None of this is an argument for pulling MCP out. Install a server the way you'd add a dependency that can run shell commands and read your context, because that is what it is. Favor first-party servers. Give databases read-only roles. Don't connect a server you can't vouch for to a session that can see your secrets.

Is MCP still the future

Yes, and the tell is that it got boring.

A protocol turns into infrastructure when it slips out of the setup step and into the plumbing. MCP isn't Anthropic's alone anymore. OpenAI's API speaks it, Microsoft wired it into Copilot, Google's tools support it. When the major labs all adopt the same tool protocol, betting against it is the harder position.

What's fading is the ritual around it: the hand-wiring, the dozen servers, the claude mcp add reflex every 2025 post drilled in. The trajectory points at fewer visible tools, loaded on demand, increasingly called through code, with the orchestration pushed somewhere you stop watching it happen.

A year ago the move was to hand your agent everything. The work now is deciding what to take away.

FAQ

Do MCP servers slow down Claude Code? They can. Each connected server's tool definitions consume context, and a heavy setup once ate most of the window before any work began. Claude Code now defers tool loading by default, which largely fixes this, but unused servers still add overhead.

How many MCP servers should I install? Fewer than you think. Most developers get the bulk of the value from three to five, chosen to match their actual workflow. Tool-selection accuracy drops as the toolset grows, so adding servers you rarely use makes the agent worse, not better.

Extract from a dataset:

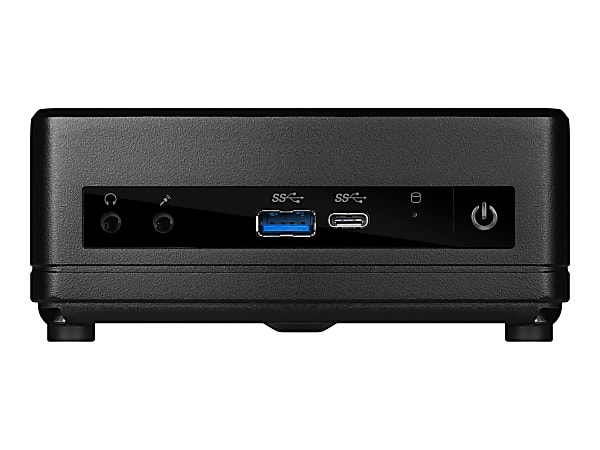 MSI Cubi 5 Cubi 5 10M 627US Desktop Computer - Intel Core i5 10th Gen i5-10210U (4 Core) 1.60 GHz - 8 GB RAM DDR4 SDRAM - 256 GB PCI Express SSD - Mini PC - Black - Windows 11 Pro DDR4 SDRAM - IEEE 802.11ac - 65 W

What's the difference between a skill and an MCP server? A skill teaches Claude how to do something and costs almost nothing until used. An MCP server gives Claude live access to a system it can't otherwise reach. If the thing you need is static instructions, it's a skill. If it's external data, it's a server.

Are MCP servers a security risk? They can be. Tool poisoning lets a malicious server inject instructions through its responses, which the model trusts. Use first-party servers, give them least privilege such as read-only database roles, and don't connect servers you can't vouch for to sensitive sessions.

Which MCP servers are worth keeping in 2026? The durable picks are Context7 for live documentation, GitHub for repo work, Playwright or Chrome DevTools for the browser, a read-only database server, and a structural code-editing server. Most others are situational or overhead.

Is MCP still worth using in 2026? Yes. MCP became a cross-vendor standard adopted far beyond Anthropic. The change is that it's turning into plumbing rather than something you fiddle with, which is what adoption looks like when it sticks.